Wednesday, March 11, 2009

A Consortium to Put the Engineering Into Software

Factors for success

Creating a successful consortium will take a strong business leader with excellent marketing skills. Such a business leader will need to be recruited from the industry since industry knowledge is critical. Equally important is that the person have the impartiality to work through competitive issues between participants. Although the overhead for such an endeavor must be kept small, a sufficient, skilled staff is also required.

A second success factor will be to learn from the lessons of previous efforts. Consortia are regularly set up in today’s IT business -- many are short lived and accomplish little, others continue for years (e.g., MCC for the microelectronics industry) and achieve measures of success. The ISR Consortium, being a reuse based consortium, should excel at leveraging the knowledge gained from previous and existing consortia.

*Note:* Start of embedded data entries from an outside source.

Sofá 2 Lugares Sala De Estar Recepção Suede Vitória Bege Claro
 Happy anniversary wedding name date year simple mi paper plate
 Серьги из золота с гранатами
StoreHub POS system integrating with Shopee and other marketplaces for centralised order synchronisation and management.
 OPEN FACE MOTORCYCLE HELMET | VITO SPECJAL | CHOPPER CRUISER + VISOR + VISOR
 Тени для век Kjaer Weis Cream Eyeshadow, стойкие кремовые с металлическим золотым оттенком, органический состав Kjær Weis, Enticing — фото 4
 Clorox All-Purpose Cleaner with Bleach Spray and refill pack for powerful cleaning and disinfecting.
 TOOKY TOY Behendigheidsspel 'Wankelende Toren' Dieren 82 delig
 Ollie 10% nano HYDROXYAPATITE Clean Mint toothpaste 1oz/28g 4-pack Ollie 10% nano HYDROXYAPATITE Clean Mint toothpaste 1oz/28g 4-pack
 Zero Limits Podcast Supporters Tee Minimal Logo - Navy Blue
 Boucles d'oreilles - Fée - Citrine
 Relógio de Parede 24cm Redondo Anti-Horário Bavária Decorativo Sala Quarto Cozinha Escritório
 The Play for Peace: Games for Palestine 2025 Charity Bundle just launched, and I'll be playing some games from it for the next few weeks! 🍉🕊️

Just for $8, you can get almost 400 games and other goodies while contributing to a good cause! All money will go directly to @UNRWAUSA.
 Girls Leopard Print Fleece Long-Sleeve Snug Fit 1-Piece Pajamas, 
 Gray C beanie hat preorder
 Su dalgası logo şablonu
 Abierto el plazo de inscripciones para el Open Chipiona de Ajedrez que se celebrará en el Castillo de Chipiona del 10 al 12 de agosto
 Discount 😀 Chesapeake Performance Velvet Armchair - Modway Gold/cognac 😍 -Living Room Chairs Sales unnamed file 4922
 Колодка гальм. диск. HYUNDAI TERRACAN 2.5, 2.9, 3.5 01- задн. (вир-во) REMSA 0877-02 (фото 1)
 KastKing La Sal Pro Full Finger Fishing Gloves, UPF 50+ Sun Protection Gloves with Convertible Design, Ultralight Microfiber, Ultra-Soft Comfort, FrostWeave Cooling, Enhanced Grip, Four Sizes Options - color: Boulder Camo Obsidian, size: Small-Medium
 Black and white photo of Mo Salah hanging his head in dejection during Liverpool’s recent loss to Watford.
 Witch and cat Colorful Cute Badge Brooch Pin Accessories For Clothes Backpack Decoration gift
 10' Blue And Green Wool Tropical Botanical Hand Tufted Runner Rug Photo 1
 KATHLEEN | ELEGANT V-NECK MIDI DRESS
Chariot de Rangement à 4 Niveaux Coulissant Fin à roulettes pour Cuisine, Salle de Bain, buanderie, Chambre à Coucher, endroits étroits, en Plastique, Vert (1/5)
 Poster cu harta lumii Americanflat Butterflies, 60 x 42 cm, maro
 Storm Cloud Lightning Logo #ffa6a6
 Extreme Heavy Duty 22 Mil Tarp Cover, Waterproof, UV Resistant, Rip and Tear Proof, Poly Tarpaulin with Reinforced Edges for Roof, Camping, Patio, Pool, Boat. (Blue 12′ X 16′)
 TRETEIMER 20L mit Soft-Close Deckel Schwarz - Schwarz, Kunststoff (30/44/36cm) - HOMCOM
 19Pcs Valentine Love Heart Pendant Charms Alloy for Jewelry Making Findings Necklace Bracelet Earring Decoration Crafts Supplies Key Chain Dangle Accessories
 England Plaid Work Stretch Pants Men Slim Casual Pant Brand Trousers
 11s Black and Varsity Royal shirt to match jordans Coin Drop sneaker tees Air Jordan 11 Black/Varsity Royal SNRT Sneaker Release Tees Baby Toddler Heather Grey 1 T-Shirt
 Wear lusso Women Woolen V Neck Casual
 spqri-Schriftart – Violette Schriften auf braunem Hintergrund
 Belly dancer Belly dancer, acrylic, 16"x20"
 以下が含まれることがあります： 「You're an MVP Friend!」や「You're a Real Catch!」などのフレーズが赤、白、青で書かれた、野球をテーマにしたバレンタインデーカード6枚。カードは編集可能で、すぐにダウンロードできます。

Another key facet of success is to rapidly demonstrate success to stake holders, in this case the investing corporations and universities who are participating. This means that the selection must be carefully made of which architectures, models and standards to work on first. Currently some infrastructure domains and some industry and cross-industry domains are achieving some consensus on approaches through various standards organization activities. Potentially getting more emphasis by participants in driving best of breed work in some of these activities will be a quick return activity. However, it may be determined that those activities lack an overarching set of architectural principles and so will not provide a broad ability for integration and interoperability between domains over time. In this case architectural principles, defined and delivered to market in stages, might be an important initial project.

There will be a need to constantly monitor market and technology trends to identify changes and then decide whether continuing funding is appropriate for ongoing projects. In software reuse today, throwing away is as necessary as creating. Some market trends appear to be significant enough that investment in them provides reasonably low risk, e.g., extension of the Enterprise Resource Management (ERP) application domains into related areas such as customer service. In the ERP domain the market penetration of SAP and a few other vendors is so significant that defining architecture and model extensions is less difficult than in highly segmented markets without clear market leaders.